The previous implementations of federated learning have all relied on a *'trusted aggregator'*. Unfortunately, in many scenarios we would probably not want to have to rely on such a third-party, potentially because no third-party can be deemed trustworthy enough.

Encrypted gradient aggregation follows largely the same process that unencrypted federated learning with trusted aggregator does. The difference exists in how training is conducted, since now we employ secure multi-party computation to aggregate the gradients (the gradients are encrypted across multiple workers). Therefore, only the training function changes. Since it is largely the same as the previous step, I won't provide a worked example, however visit [PySyft's tutorial to learn more](https://github.com/OpenMined/PySyft/blob/dev/examples/tutorials/Part%2010%20-%20Federated%20Learning%20with%20Secure%20Aggregation.ipynb). To summarize encrypted gradient aggregation, since each remote worker has their own model, encrypting this model includes sharing the parameters (weights and biases of the network) across all the workers. Using SMPC, we can aggregate the encrypted parameters after each remote model has passed through a training run. Since we would only get the aggregated model, we are unable to deduce individual worker's model parameters or gradients, ensuring privacy without the need for a trusted third-party aggregator.
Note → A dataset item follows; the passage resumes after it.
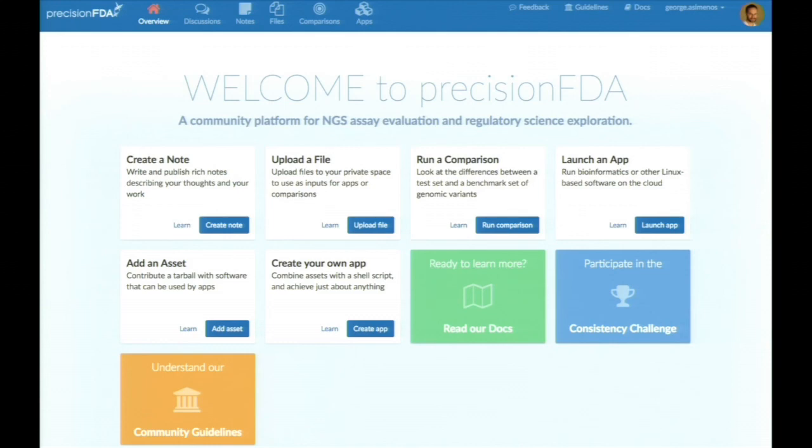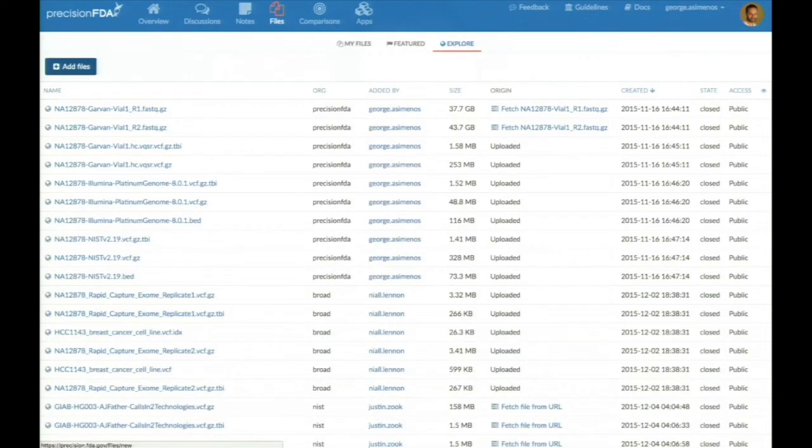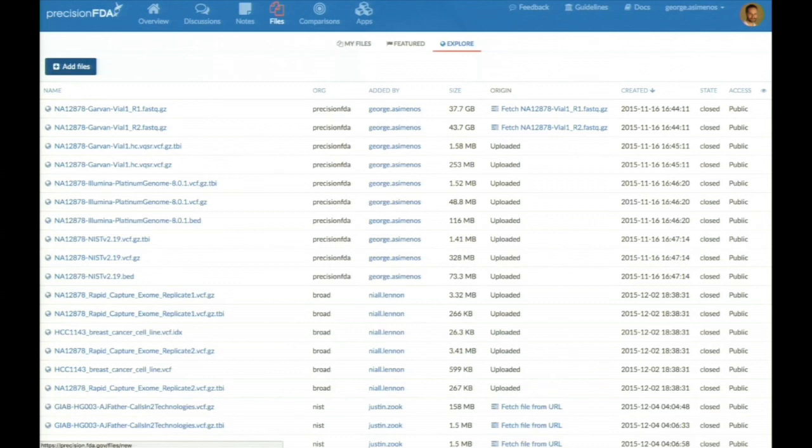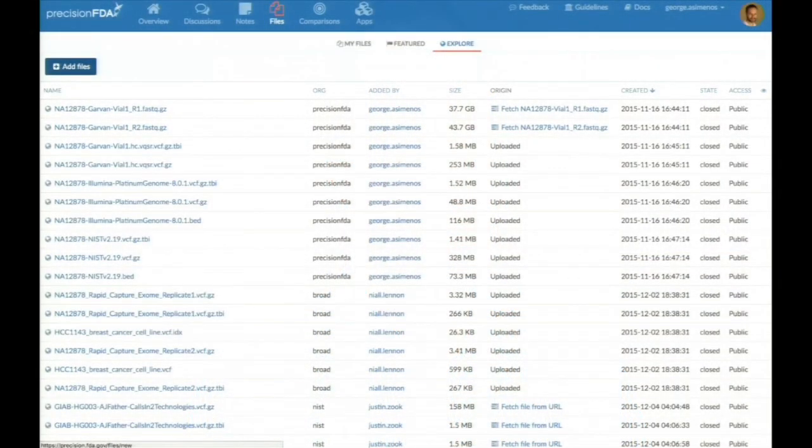For example, if we click on Files, we see a list of files that are being shared with the PrecisionFDA community, and that's a feature where anyone can download or share files with the rest of the participants. For example, this dataset here that is called NA12878-NIST is the characterization of reference material by NIST. Anyone on PrecisionFDA can upload their VCF file and compare it against NIST.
Instead, let's work out how to train a network where the data, model parameters, AND the gradients are all encrypted!

In [17]:
features = np.load('data/features.npy')
labels = np.load('data/labels_dim.npy')
data = th.tensor(features, dtype=th.float32, requires_grad=True)
target = th.tensor(labels, dtype=th.float32, requires_grad=True).reshape(-1,2)
hook = sy.TorchHook(th)

W0821 23:05:51.507230 140031293081408 hook.py:102] Torch was already hooked... skipping hooking process


In [18]:
class Arguments():
    def __init__(self, in_size, out_size, hidden_layers,
                       activation=F.softmax, dim=-1):
        self.batch_size = 1
        self.drop_p = None
        self.epochs = 10
        self.lr = 0.001
        self.in_size = in_size
        self.out_size = out_size
        self.hidden_layers = hidden_layers
        self.precision_fractional=20
        self.activation = activation
        self.dim = dim

In [19]:
dataset = [(data[i], target[i]) for i in range(len(data))]

#instantiate model
in_size = data[0].shape[0]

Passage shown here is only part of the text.